Patients with advanced coronary artery disease (CAD) who are not eligible for stenting or surgical bypass procedures have limited treatment options. Extracellular vesicles (EVs) have emerged as a potential therapeutic target for the treatment of advanced CAD. These EVs can be conditioned to modify their contents. In our previous research, we demonstrated increased perfusion, decreased inflammation, and reduced apoptosis with intramyocardial injection of hypoxia-conditioned EVs (HEVs). The goal of this study is to further understand the function of HEVs by examining their impact on oxidative stress using our clinically relevant and extensively validated swine model of chronic myocardial ischemia.
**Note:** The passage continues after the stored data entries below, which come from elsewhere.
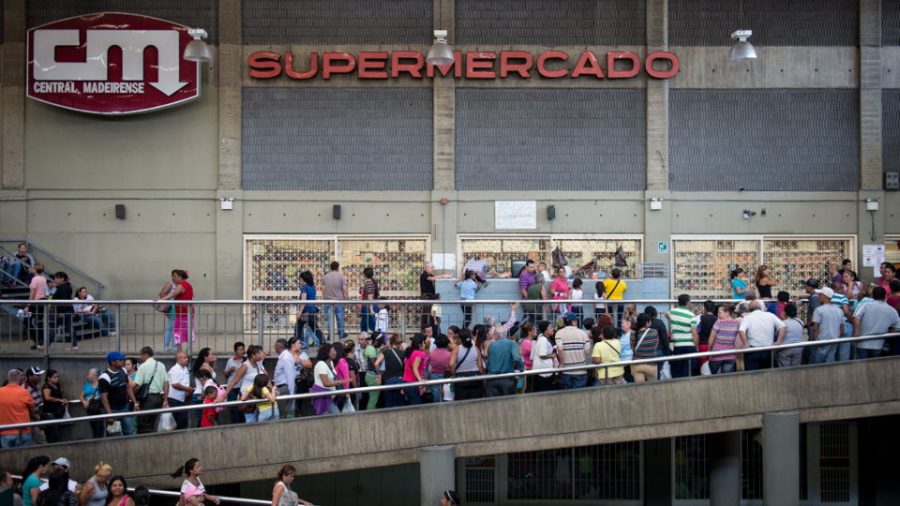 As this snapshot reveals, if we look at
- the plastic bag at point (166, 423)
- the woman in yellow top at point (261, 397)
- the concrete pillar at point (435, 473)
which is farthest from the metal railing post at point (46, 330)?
the concrete pillar at point (435, 473)

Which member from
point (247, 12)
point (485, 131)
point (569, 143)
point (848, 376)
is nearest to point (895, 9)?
point (569, 143)

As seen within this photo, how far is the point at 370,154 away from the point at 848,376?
11.9 metres

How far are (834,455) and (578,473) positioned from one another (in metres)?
5.06

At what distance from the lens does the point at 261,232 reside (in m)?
23.8

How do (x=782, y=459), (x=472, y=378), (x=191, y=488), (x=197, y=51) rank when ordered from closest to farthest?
1. (x=191, y=488)
2. (x=472, y=378)
3. (x=782, y=459)
4. (x=197, y=51)

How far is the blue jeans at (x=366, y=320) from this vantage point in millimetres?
17234

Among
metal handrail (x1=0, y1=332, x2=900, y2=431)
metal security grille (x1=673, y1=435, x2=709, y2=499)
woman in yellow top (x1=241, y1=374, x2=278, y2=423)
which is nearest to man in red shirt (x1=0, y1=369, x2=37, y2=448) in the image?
metal handrail (x1=0, y1=332, x2=900, y2=431)

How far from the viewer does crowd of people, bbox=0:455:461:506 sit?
12.8m

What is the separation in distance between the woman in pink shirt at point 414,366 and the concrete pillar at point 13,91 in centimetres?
1234

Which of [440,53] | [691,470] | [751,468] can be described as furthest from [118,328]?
[751,468]

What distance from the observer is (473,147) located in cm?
2388

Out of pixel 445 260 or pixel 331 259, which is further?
pixel 331 259

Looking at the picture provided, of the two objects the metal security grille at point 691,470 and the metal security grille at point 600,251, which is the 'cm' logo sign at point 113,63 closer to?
the metal security grille at point 600,251

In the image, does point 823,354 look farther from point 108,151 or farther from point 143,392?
point 108,151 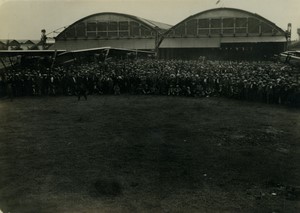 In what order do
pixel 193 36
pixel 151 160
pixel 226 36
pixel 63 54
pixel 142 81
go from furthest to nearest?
pixel 193 36 < pixel 226 36 < pixel 63 54 < pixel 142 81 < pixel 151 160

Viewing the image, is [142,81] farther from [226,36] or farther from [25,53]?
[226,36]

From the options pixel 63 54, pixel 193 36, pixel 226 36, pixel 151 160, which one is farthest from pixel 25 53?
pixel 226 36

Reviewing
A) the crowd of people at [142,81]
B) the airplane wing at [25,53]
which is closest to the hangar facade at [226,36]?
the crowd of people at [142,81]

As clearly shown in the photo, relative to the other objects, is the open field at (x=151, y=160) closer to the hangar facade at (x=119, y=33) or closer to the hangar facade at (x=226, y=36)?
the hangar facade at (x=226, y=36)

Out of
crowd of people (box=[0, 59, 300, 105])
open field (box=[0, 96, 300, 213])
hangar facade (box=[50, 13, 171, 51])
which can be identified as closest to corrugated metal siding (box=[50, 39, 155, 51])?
hangar facade (box=[50, 13, 171, 51])

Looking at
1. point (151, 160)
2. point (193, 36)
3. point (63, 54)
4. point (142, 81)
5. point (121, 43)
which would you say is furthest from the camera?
point (121, 43)

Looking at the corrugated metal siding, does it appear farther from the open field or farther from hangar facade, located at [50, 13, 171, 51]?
the open field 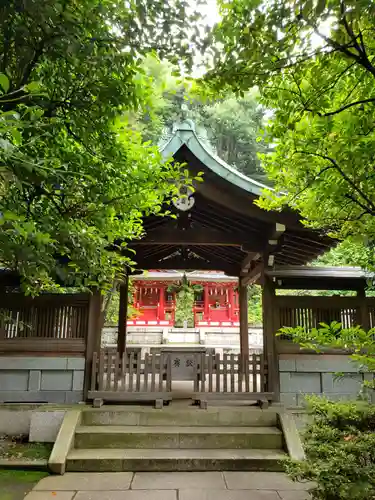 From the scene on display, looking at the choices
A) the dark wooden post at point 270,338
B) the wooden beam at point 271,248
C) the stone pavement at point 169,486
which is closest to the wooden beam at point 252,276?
the wooden beam at point 271,248

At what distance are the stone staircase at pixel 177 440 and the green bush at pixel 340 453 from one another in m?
1.92

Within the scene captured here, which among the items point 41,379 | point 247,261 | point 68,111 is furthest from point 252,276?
point 68,111

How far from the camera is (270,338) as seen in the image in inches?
253

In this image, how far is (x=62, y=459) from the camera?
15.3 feet

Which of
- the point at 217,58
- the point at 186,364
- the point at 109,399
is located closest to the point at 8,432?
the point at 109,399

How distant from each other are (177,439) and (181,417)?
49 centimetres

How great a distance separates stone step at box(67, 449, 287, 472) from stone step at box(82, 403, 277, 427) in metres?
0.76

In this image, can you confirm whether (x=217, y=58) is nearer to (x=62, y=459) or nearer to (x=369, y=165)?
(x=369, y=165)

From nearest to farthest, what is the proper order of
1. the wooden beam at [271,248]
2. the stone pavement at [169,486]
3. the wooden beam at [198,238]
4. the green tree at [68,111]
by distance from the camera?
1. the green tree at [68,111]
2. the stone pavement at [169,486]
3. the wooden beam at [271,248]
4. the wooden beam at [198,238]

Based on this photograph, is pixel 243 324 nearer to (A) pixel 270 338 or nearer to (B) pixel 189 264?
(B) pixel 189 264

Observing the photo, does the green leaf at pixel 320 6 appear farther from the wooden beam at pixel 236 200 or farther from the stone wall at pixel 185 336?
the stone wall at pixel 185 336

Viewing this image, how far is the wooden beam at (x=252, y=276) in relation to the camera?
7.76 metres

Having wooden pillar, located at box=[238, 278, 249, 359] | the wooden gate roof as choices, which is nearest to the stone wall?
wooden pillar, located at box=[238, 278, 249, 359]

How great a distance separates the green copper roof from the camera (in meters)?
5.91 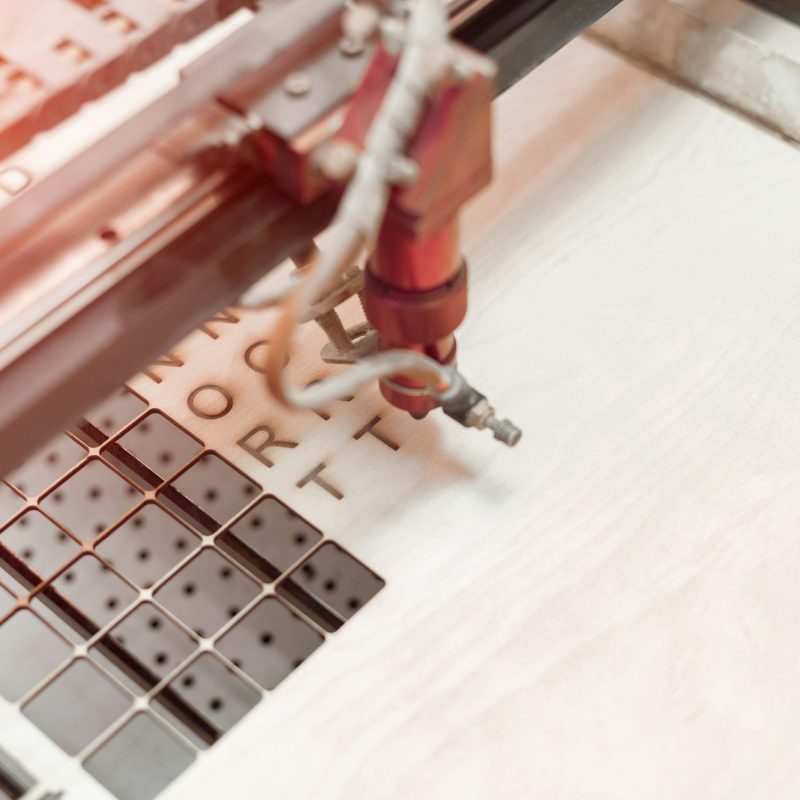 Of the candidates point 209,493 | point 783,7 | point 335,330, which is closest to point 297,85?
point 335,330

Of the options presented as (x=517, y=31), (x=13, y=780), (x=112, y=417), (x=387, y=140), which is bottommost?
(x=13, y=780)

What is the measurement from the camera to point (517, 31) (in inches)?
33.1

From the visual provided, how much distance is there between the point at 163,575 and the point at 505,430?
278 millimetres

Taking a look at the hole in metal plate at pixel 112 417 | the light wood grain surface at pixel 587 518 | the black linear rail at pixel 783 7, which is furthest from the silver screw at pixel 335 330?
the black linear rail at pixel 783 7

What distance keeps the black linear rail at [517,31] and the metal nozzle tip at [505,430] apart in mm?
254

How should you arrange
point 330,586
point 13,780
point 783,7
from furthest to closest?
point 783,7
point 330,586
point 13,780

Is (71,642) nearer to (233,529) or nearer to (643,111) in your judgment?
(233,529)

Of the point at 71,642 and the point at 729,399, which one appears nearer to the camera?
Result: the point at 71,642

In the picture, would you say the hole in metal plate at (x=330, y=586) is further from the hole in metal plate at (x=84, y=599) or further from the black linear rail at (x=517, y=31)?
the black linear rail at (x=517, y=31)

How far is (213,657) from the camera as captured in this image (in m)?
0.80

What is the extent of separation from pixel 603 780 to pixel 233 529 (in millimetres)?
327

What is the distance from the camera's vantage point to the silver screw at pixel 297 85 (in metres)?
0.65

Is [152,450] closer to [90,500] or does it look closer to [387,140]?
[90,500]

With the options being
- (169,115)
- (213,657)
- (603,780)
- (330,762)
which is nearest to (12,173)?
(169,115) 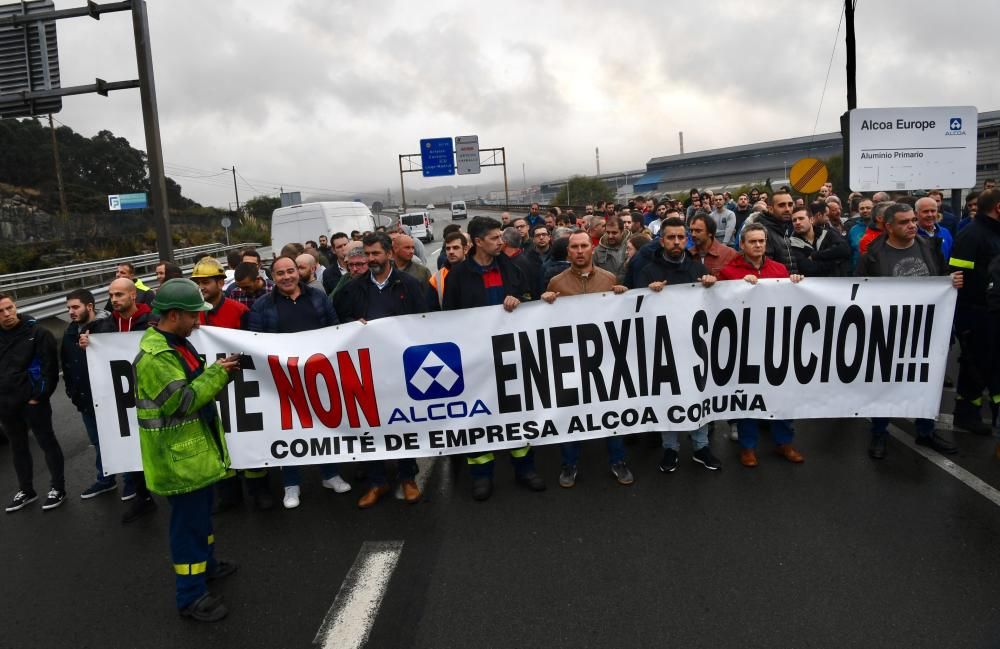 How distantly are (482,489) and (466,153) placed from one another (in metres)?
37.5

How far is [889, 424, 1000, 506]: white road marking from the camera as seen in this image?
451 centimetres

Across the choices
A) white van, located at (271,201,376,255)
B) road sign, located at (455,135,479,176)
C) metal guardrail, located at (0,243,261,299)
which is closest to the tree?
road sign, located at (455,135,479,176)

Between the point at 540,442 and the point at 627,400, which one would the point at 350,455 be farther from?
the point at 627,400

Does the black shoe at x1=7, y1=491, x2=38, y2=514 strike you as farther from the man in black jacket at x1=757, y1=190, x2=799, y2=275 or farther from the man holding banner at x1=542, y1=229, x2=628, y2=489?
the man in black jacket at x1=757, y1=190, x2=799, y2=275

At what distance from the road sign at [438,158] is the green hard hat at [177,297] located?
3733 cm

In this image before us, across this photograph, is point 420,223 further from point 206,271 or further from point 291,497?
point 291,497

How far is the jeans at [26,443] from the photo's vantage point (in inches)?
210

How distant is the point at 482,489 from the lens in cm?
493

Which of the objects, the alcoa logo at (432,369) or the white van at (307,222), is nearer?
the alcoa logo at (432,369)

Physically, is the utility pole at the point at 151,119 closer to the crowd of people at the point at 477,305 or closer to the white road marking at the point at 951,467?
the crowd of people at the point at 477,305

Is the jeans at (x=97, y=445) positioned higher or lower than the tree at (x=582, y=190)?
lower

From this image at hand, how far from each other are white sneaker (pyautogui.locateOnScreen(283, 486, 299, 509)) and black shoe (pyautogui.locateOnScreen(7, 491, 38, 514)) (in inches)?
87.6

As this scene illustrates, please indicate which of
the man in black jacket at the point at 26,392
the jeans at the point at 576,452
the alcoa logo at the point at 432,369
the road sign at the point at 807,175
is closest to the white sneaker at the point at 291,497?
the alcoa logo at the point at 432,369

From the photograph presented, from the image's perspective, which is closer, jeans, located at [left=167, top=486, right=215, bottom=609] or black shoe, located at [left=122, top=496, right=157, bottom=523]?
jeans, located at [left=167, top=486, right=215, bottom=609] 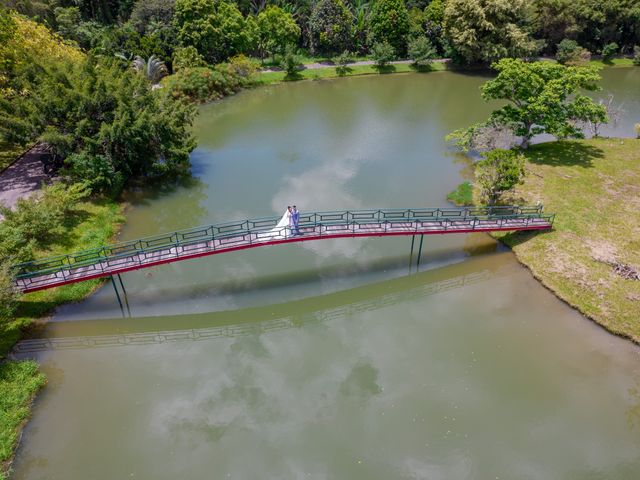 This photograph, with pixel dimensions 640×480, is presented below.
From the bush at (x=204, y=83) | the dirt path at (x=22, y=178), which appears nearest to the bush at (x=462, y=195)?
the dirt path at (x=22, y=178)

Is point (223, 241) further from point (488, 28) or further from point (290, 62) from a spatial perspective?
point (488, 28)

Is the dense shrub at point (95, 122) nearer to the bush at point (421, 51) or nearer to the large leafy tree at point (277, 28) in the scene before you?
the large leafy tree at point (277, 28)

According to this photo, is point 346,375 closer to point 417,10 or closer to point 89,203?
point 89,203

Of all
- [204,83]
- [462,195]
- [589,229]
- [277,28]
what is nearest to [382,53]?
[277,28]

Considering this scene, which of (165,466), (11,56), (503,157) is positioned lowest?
(165,466)

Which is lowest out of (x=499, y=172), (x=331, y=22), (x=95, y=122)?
(x=499, y=172)

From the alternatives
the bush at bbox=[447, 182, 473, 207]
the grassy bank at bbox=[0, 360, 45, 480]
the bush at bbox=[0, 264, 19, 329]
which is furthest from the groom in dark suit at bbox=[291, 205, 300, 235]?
the bush at bbox=[447, 182, 473, 207]

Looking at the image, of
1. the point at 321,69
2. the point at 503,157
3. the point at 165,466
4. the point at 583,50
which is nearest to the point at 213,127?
the point at 321,69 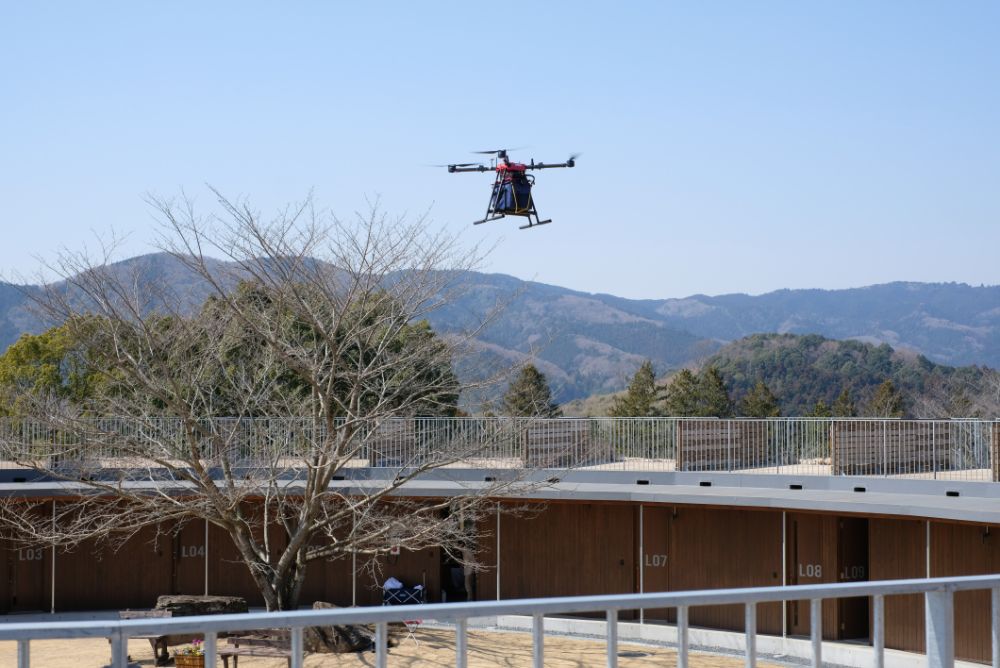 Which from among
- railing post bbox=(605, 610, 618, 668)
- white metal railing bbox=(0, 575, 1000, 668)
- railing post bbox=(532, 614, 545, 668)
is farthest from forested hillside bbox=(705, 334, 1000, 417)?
railing post bbox=(532, 614, 545, 668)

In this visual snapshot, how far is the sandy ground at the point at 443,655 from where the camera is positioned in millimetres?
17328

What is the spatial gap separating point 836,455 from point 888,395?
41.2 meters

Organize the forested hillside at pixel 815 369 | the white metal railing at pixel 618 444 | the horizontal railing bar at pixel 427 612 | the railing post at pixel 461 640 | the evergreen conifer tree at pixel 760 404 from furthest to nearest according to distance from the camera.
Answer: the forested hillside at pixel 815 369 → the evergreen conifer tree at pixel 760 404 → the white metal railing at pixel 618 444 → the railing post at pixel 461 640 → the horizontal railing bar at pixel 427 612

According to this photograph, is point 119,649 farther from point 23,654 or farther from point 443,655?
point 443,655

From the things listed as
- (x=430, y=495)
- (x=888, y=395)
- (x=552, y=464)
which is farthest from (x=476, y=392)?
(x=888, y=395)

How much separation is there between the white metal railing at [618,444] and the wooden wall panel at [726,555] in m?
1.54

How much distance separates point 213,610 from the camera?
67.6 feet

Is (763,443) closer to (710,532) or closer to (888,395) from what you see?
(710,532)

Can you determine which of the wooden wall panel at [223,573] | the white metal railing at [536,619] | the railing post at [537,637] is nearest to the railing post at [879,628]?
the white metal railing at [536,619]

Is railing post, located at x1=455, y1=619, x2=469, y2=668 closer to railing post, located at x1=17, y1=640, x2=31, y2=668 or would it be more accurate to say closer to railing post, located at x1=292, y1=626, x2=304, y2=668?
railing post, located at x1=292, y1=626, x2=304, y2=668

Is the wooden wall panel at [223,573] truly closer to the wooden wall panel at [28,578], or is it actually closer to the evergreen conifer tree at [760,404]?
the wooden wall panel at [28,578]

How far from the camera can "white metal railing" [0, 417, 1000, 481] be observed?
798 inches

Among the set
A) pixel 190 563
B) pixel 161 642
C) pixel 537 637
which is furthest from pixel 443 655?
pixel 537 637

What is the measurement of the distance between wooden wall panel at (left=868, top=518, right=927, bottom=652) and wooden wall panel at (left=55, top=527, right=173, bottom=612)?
1487 centimetres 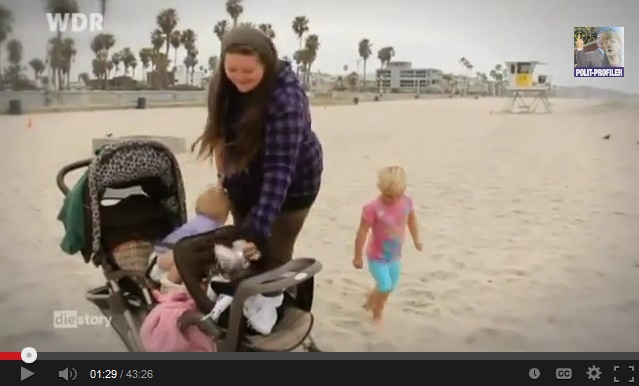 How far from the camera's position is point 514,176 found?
2377 mm

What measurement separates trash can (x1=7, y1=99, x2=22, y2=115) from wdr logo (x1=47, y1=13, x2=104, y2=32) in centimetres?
27

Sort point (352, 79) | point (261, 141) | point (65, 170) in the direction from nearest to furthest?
point (261, 141) → point (65, 170) → point (352, 79)

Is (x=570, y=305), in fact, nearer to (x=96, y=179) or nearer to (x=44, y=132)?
(x=96, y=179)

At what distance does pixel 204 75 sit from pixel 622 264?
137 cm

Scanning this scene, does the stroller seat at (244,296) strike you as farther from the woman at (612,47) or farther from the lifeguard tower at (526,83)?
the woman at (612,47)

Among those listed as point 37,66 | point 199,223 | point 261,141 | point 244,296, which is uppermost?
point 37,66

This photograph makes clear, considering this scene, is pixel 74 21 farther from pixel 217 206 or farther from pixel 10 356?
pixel 10 356

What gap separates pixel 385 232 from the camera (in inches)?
81.7

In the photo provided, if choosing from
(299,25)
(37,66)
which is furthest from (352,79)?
(37,66)

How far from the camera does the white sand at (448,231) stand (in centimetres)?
203

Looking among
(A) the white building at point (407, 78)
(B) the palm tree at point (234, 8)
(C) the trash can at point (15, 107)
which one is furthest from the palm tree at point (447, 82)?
(C) the trash can at point (15, 107)

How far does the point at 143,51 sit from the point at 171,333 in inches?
32.7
Fourteen Yorkshire swine underwent a left thoracotomy for the placement of an ameroid constrictor on the left circumflex coronary artery to model chronic myocardial ischemia. After two weeks of recovery, the swine underwent a redo thoracotomy with injection of either HEVs (n = 7) or a saline control (CON, n = 7) into the ischemic myocardium. Five weeks after injection, the swine were subjected to terminal harvest. Protein expression was measured using immunoblotting. OxyBlot analysis and 3-nitrotyrosine staining were used to quantify total oxidative stress. There was a significant increase in myocardial expression of the antioxidants SOD 2, GPX-1, HSF-1, UCP-2, catalase, and HO-1 (all p ≤ 0.05) in the HEV group when compared to control animals. The HEVs also exhibited a significant increase in pro-oxidant NADPH oxidase (NOX) 1, NOX 3, p47phox, and p67phox (all p ≤ 0.05). However, no change was observed in the expression of NFkB, KEAP 1, and PRDX1 (all p > 0.05) between the HEV and CON groups. There were no significant differences in total oxidative stress as determined by OxyBlot and 3-nitrotyrosine staining (p = 0.64, p = 0.32) between the groups. Administration of HEVs in ischemic myocardium induces a significant increase in pro- and antioxidant proteins without a net change in total oxidative stress. These findings suggest that HEV-induced changes in redox signaling pathways may play a role in increased perfusion, decreased inflammation, and reduced apoptosis in ischemic myocardium. Further studies are required to determine if HEVs alter the net oxidative stress in ischemic myocardium at an earlier time point of HEV administration.